Instructors (iDigBio): Katja Seltmann, Amber Budden, Edward Gilbert, Nico Franz, Greg Riccardi, Deborah Paul, Joanna McCaffrey, Kevin Love, Anne Thessen, David Bloom

Skill Level: We are focusing our efforts in this workshop on beginners.

Where and When: Tempe, AZ at the Arizona State University (ASU) School of Life Sciences Natural History Collections, Informatics & Outreach Group in their new Alameda space, September 15 - 17, 2015

Requirements: Participants must bring a laptop.

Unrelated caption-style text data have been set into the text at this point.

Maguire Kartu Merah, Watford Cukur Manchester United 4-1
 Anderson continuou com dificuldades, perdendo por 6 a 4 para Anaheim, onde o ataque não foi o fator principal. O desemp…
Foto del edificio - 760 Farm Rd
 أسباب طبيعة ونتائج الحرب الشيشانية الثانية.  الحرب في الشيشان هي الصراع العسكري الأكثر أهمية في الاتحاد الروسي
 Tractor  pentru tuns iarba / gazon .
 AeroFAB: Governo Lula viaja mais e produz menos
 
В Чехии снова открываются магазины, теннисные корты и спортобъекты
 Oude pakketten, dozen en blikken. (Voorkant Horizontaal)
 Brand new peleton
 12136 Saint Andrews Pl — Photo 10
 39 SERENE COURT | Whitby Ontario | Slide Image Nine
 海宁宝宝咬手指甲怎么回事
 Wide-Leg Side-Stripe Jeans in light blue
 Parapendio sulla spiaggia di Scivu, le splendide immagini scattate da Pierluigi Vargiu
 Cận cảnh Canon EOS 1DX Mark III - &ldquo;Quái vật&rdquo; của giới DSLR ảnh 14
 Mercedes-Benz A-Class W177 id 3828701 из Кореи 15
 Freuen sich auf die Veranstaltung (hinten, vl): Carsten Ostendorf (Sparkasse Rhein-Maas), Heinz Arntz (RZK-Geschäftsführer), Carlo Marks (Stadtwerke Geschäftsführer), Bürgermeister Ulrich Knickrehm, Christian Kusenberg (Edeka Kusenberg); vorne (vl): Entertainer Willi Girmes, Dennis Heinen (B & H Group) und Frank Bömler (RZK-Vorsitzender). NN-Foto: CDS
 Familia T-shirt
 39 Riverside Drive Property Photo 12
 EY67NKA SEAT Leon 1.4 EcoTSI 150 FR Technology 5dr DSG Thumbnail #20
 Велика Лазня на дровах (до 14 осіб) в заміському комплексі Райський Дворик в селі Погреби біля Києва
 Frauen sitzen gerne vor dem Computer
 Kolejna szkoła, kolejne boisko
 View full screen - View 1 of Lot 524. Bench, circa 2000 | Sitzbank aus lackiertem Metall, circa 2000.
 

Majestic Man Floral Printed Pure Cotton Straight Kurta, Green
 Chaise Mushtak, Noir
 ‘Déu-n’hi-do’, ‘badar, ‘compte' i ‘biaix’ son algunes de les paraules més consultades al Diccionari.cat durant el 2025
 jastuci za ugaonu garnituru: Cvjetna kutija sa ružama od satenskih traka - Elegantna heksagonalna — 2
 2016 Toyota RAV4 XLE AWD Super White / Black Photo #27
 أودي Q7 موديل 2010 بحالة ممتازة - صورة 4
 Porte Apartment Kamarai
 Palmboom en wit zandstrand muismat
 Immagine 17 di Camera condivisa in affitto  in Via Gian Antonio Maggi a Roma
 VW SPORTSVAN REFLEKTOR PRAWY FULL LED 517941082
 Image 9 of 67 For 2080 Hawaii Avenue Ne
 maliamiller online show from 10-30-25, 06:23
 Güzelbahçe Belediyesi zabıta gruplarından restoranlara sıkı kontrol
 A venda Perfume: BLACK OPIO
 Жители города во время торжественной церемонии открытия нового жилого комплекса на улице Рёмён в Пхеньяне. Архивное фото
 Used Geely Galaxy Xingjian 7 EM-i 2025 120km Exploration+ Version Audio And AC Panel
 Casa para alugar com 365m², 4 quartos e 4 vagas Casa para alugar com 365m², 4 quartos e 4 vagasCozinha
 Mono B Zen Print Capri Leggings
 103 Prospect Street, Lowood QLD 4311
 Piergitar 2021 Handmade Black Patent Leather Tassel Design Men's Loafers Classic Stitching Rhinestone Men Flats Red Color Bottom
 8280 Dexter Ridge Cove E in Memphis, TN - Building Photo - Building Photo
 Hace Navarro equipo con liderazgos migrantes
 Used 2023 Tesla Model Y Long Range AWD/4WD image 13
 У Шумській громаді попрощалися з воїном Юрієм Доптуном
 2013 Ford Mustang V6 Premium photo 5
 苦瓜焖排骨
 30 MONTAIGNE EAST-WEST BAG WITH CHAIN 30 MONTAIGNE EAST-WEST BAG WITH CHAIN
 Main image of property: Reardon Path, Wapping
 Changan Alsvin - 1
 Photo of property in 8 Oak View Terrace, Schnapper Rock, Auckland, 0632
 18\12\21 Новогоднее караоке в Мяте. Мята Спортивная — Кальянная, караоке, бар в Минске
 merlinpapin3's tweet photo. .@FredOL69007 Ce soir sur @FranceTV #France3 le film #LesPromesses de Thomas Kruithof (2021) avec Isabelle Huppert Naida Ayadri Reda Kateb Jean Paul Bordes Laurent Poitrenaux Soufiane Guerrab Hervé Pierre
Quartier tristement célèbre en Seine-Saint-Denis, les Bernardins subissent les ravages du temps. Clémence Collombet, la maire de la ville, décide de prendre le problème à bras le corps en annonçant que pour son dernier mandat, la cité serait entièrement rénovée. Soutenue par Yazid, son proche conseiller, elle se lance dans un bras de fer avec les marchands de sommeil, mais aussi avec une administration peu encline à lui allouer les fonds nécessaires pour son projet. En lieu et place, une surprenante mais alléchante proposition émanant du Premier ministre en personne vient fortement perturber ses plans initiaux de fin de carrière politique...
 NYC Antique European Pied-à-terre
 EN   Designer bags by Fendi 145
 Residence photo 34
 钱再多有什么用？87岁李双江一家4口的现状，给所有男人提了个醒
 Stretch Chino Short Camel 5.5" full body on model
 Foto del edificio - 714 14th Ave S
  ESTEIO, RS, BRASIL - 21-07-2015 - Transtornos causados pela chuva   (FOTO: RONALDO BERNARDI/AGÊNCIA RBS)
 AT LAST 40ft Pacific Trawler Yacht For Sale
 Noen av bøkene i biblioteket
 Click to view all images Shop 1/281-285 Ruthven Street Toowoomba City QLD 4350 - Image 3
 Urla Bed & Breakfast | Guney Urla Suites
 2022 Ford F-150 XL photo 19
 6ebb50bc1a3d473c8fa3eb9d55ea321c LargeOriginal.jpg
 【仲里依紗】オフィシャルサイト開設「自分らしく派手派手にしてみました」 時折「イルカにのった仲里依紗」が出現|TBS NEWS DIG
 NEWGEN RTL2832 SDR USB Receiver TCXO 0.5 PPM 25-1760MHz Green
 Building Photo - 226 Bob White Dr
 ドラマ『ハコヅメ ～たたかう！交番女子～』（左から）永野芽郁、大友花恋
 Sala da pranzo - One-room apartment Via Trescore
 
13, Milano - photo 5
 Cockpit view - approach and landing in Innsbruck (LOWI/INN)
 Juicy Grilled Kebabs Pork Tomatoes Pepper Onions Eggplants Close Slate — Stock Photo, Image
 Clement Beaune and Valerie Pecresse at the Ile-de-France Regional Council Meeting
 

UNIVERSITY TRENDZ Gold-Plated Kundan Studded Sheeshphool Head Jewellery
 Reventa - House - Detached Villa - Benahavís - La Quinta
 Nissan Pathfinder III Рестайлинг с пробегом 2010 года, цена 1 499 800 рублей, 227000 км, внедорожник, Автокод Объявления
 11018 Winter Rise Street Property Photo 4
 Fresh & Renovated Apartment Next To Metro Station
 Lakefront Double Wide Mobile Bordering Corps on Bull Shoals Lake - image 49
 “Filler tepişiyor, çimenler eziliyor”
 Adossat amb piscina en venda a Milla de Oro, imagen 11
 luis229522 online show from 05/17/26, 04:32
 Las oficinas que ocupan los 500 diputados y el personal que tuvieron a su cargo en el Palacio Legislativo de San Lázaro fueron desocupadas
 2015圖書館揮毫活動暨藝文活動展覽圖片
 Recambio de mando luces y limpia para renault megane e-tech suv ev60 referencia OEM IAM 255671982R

Contact (iDigBio Participants): Please email Deb Paul dpaul@fsu.edu for questions and information not covered here.

Twitter:

Tuition for the course is free, but there is an application process and spots are limited (and class is full).

Software Installation Details

A laptop and a web browser are required for participants.
We use Adobe Connect extensively in this workshop. Please perform the systems test using the link below. Also, you will also need to install the Adobe Connect Add-In to participate in the workshop.

  • Adobe Connect Systems Test
    • Note when you follow the link to install and perform the test, some software will install (but it doesn't look like anything happens). To check, simply re-run the test.

Agenda

Schedule - subject to change.

Course Overview - Day 1 - Tuesday September 15th
8:15-8:30 Check-in, name tags, log in, connect to wireless and Adobe Connect All
8:30-9:15 Welcome, Logistics, Intro to the Workshop, Why Share Data? Why this workshop?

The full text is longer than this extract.